Use of absolute timeouts for oneshot timers

From: Jeremy Fitzhardinge
Date: Sat Mar 10 2007 - 17:52:28 EST


I've been thinking a bit more about how useful an absolute timeout is
for a oneshot timer in a virtual environment.

In principle, absolute times are generally preferable. A relative
timeout means "timeout in X ns from now", but the meaning of "now" is
ambiguous, particularly if the vcpu can be preempted at any time, which
means the determination of "now" can be arbitrarily deferred.

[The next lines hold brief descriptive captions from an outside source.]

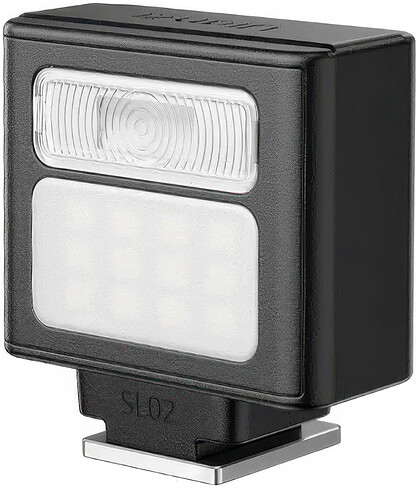 Lampa błyskowa Ulanzi SL02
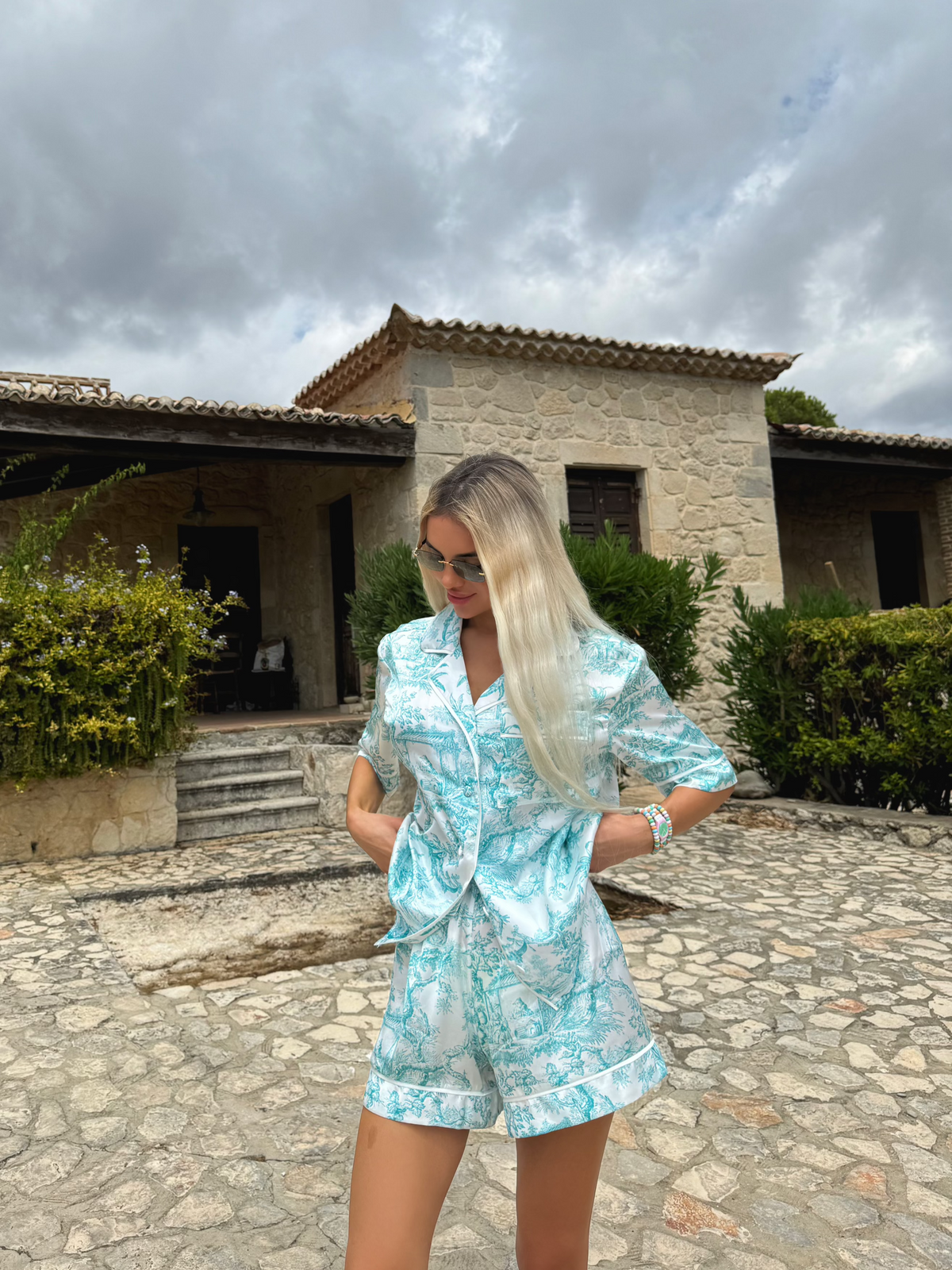 RIVIERA Set in Mint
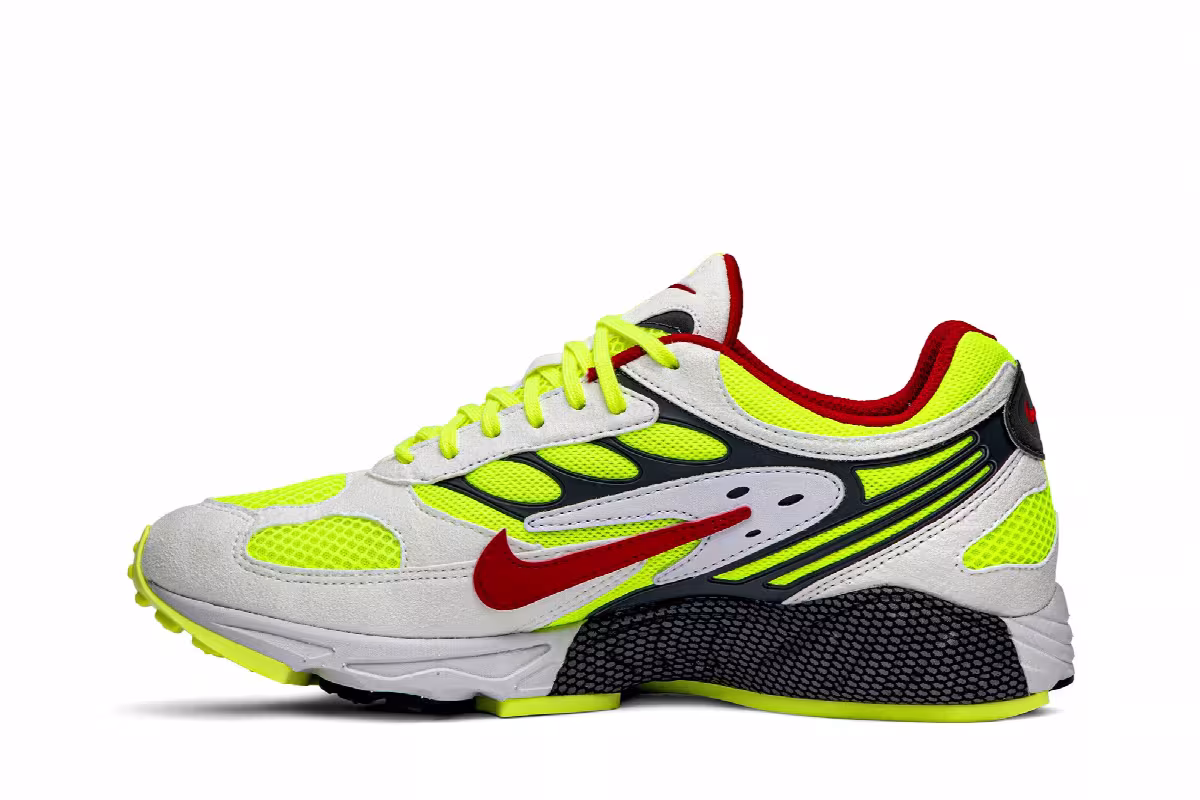 Nike Air Ghost Racer Neon Yellow, view 4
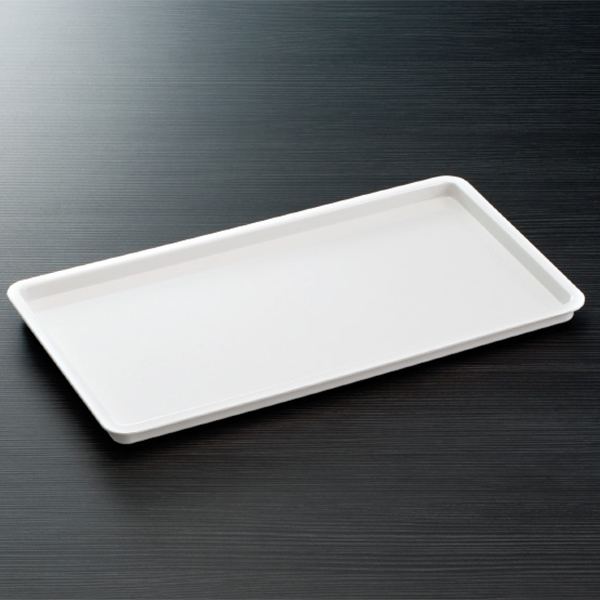 KYOEI ONLINE STORE / メラミン トレイ アイボリー HW-404FI(162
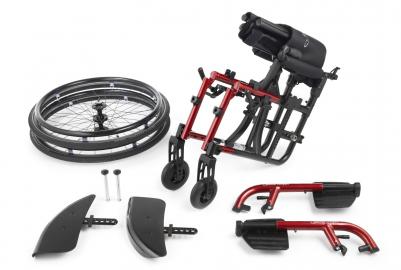 cadeira de rodas manual compact
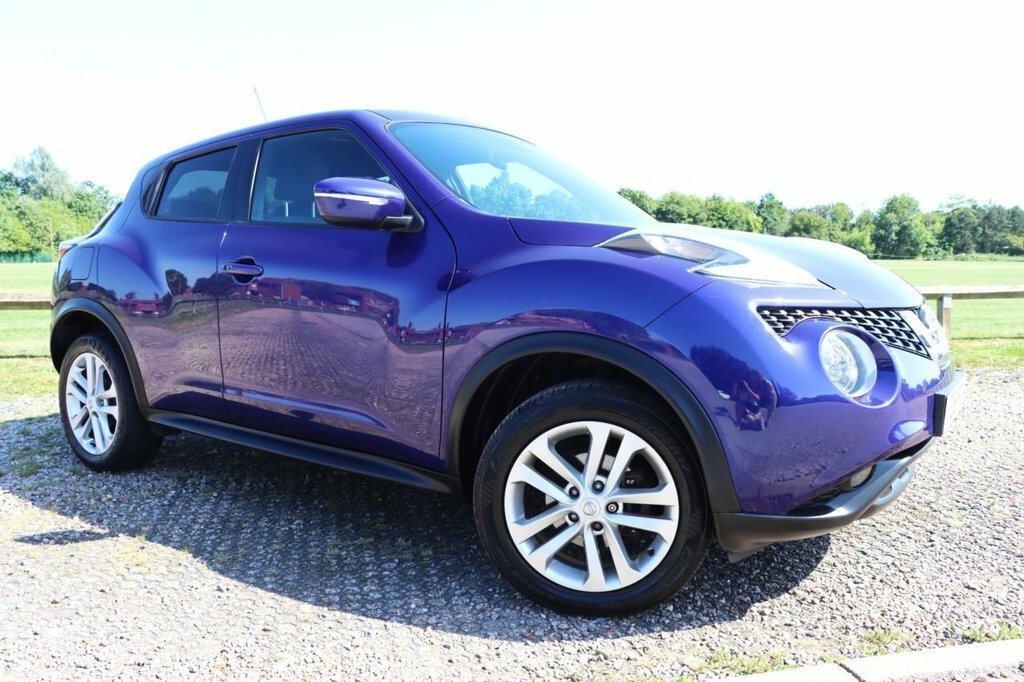 Nissan Juke 1.5L N-connecta VE16PXA Blue #2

However, an absolute time is only meaningful if the kernel and
hypervisor are operating off the same timebase (ie, no drift). In
general, the kernel's monotonic timer is going to start from 0ns when
the virtual machine is booted, and the hypervisor's is going to start at
0ns when the hypervisor is booted. If they're operating off the same
timebase, then in principle you can work out a constant offset between
the two, and use that for converting a kernel absolute time into a
hypervisor absolute time.

When booting under Xen, you'll get this if you're using both the xen
clocksource and clockevent drivers. However, it seems that during boot
on a NO_HZ HIGHRES_TIMERS system, the kernel does not use the Xen
clocksource until it switches to highres timer mode. This means that
during boot the kernel's monotonic clock is drifting with respect to the
hypervisor, and all timeouts are unreliable.

Initially I was just computing the kernel-hypervisor offset at boot
time, but then I changed it to recompute it every time the timer mode
changes. However, this didn't really help, and I was still getting
unpredictable timeouts during boot. I've changed it to just compute the
hypervisor absolute time directly using the delta each time the oneshot
timer is set, which will definitely be reliable (if the kernel and
hypervisor have drifting timebases then the meaning of Xns delta will be
different, but at least thats a local error rather than a long-term
cumulative error).

My analysis might be wrong here (I suspect the Xen periodic timer may
have unexpected behaviour), but the overall conclusion still stands:
using an absolute timeout only works if the kernel and hypervisor have
non-drifting timebases. I think its too fragile for a clockevent
implementation to assume that a particular clocksource is in use to get
reliable results.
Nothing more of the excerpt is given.